MATTHEW TALBOT'S BLANKET
"The Matthew Talbot Hostel, since just before the
last world war this has been a shelter for homeless men in Sydney. It provides
over a quarter of a million meals a year and its beds are used almost 37,000
times a year. One night, after finishing a taxi shift -I sometimes drive a cab-,
a couple of drivers were talking about a homeless man who was found outside the
major cinema complex on Sydney's main street. He'd lain there, dead, for almost
12 hours before anyone noticed."
IN ANCIENT ROME
"I first started driving taxi cabs just before the
2000 Sydney Olympics. One of the things that struck me hardest during those
initial night shifts was the amount of kids who were sleeping rough in around
the central parts of the city. In the lead up to the Olympics the government
installed new park benches and bus stops that would make it harder for somebody
to sleep on. The Wall is an infamous stretch of road on the fringe of the red
light district. Young men lean against the sand stone wall that runs along side
Sydney's Central Criminal Court Building with their heads bowed, covered in
hoods, waiting for work from the passing cars." And how does the 1963 Ford
Fairlane fit in? "My girlfriend once hired an old vintage car for me on my
birthday and we got driven around in it with the top down - I felt a bit like
Lucy Jordan."
DALE BUGGINS DREAM
"Dale Buggins was a dare-devil stunt motorcyclist. He'd perform all around
the country, a lot of times in rural areas where not a lot of entertainers of
note would go. I remember when I was about 15 seeing a guy on the news. He was
about 40-50 years of age and he was crying. I asked who it was and my older
brother said it was Dale Buggins' Dad. It turned out that Dale had just shot
himself in a motel room in Melbourne. He was 20 years old. Dale was like
Australia's Evel Knievel. Evel was a big deal when I was a kid. Heaps of broken
collar-bones on my street... Mini-Bikes, when I was a kid it was every boys
dream to own a mini-bike. Most of us had to settle for a skate board. My little
brother 'scored' one when he was about 14. I think it came from one of the
carnivals down on the beach... he gave it back, later. The Dragstar Bicycle,
high handle-bars and a long sloping seat. This was the shit in 1975." And how
does Eli Wallach fit in here? "The western was a big deal in our house. From
'Bonanza' to 'Once Upon A Time In The West'. I always loved that scene in 'The
Good, The Bad and The Ugly' where Eli Wallach says 'We don't need no stinkin'
badges!' Where I grew up there were a lot of guys who lived that sort of
attitude. I tried to get Warren Oates into the song but I couldn't get it to
work. Maybe next time."
JOE STRUMMER
"Joe Strummer wrote the best rock'n'roll lyrics, ever. He had the biggest
rock'n'roll heart, ever. An absolute Inspiration!! 'City of The Dead' is a Clash
song title from the 'Black Market Clash' EP. Montgomery Clift, an American actor
and inspiration for The Clash song 'The Right Profile'. Arthur Scargill was the
leader of the British Miner's Union during 1985 miners strike. When the British
miners went on strike in the mid-eighties the nightly news would be full of
images of the picketing workers facing off long lines of English Bobbies...

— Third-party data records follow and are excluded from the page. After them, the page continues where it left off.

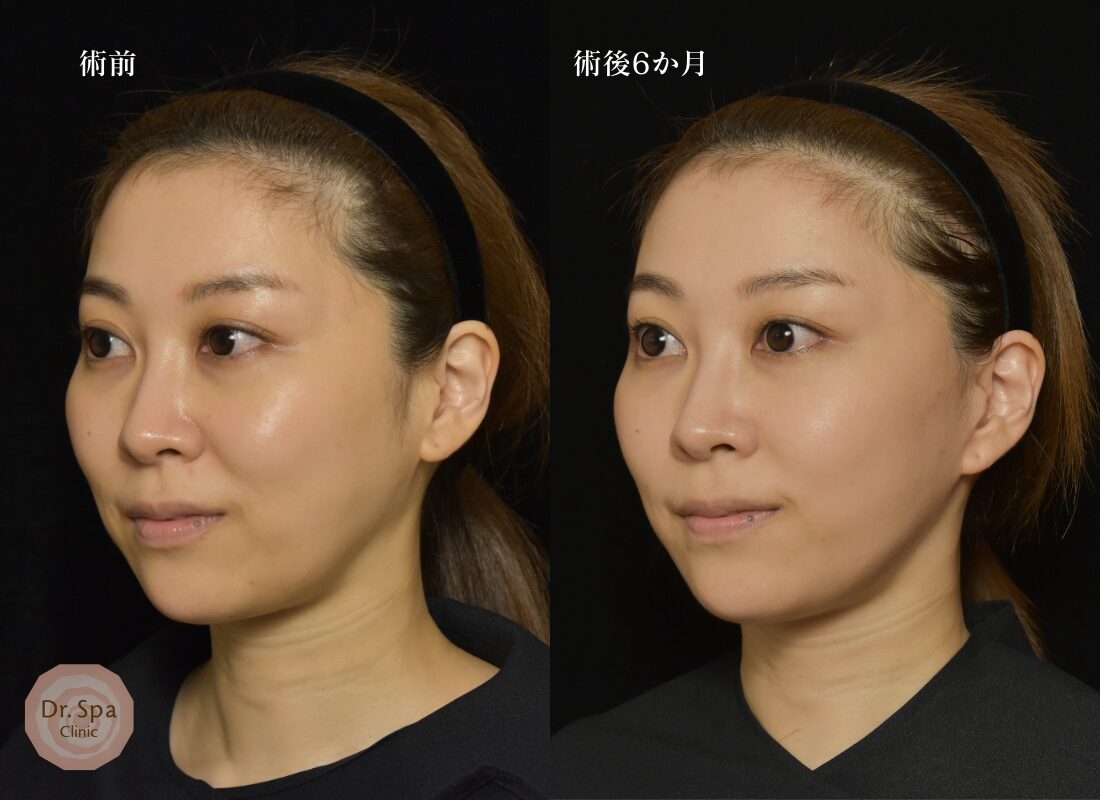 プレミアムフェイスリフト手術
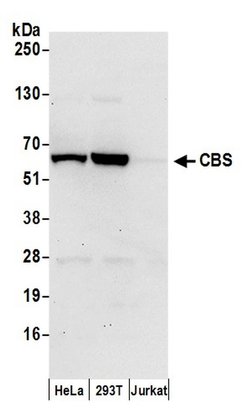 CBS Rabbit anti-Human, Polyclonal, Bethyl Laboratories 100 &mu;L; Unconjugated:Antibodies,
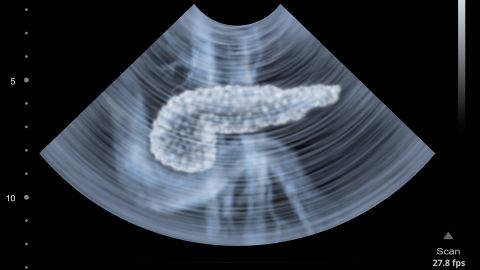 Pancreatic cancer: ultrasound scan of a human pancreas.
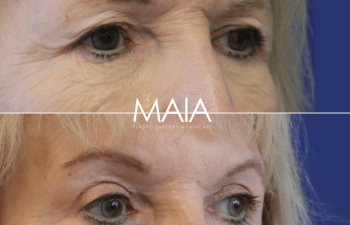 82 year-old patient before and after upper and lower blepharoplasty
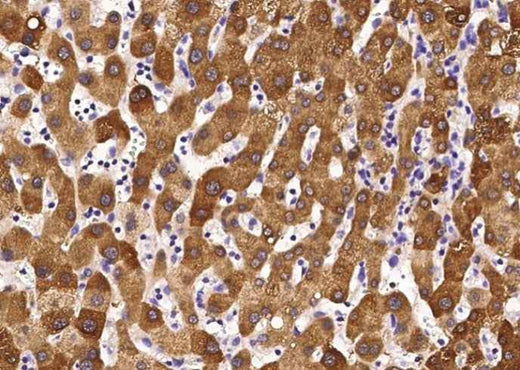 Anti-Human GOT2 Antibody [A919] - ABMIUM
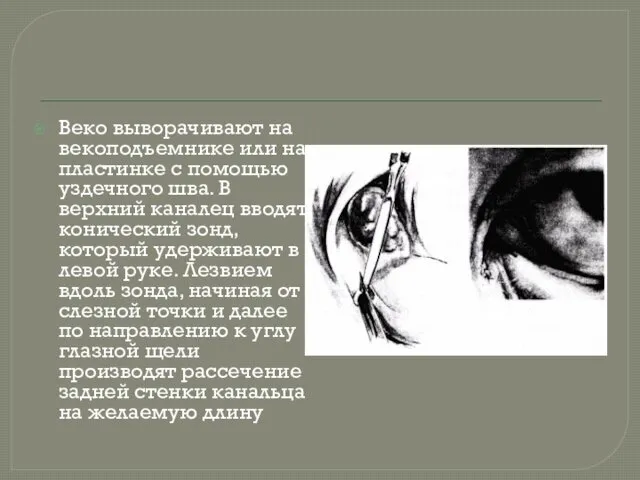 Веко выворачивают на векоподъемнике или на пластинке с помощью уздечного шва.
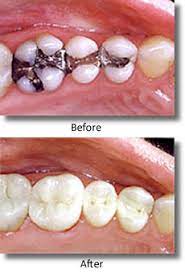 We did not find results for: Does My Composite Filling Hurt Because My Dentist Did A Cheap Job Miranda Lacy Dds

Margaret Thatcher, Ronald Reagan and Rupert Murdoch, the Forces of Darkness had
taken hold of the reins with only Ken Loach standing in their way! In those days
I looked at the world through a naive kind of rock'n'roll filter and I remember
watching the TV and thinking - the world needs The Clash to get back together...
real quick."
THE LAST GHOST TRAIN HOME
"Every weekday during the evening rush hour around
Sydney's Central Station, thousands of commuters on their way home make their
way toward the various terminal entrances. Later in the evening, after most
people have left the city, the homeless congregate in the various parks and
thoroughfares that, just hours earlier, were teeming with commuters. The title
comes from the question - What kind of train do you catch to get home when you
no longer have a home to go to? The Clock Tower of Redfern Post Office: every
second Thursday on Redfern Street a long line forms outside the Post Office
doors as people wait to collect their welfare. And The Sky Bar, opposite Redfern
Post Office: Once paid up, a lot of folks then cross the road to play the poker
machines that, nowadays, fill up large sections of every pub in
Sydney."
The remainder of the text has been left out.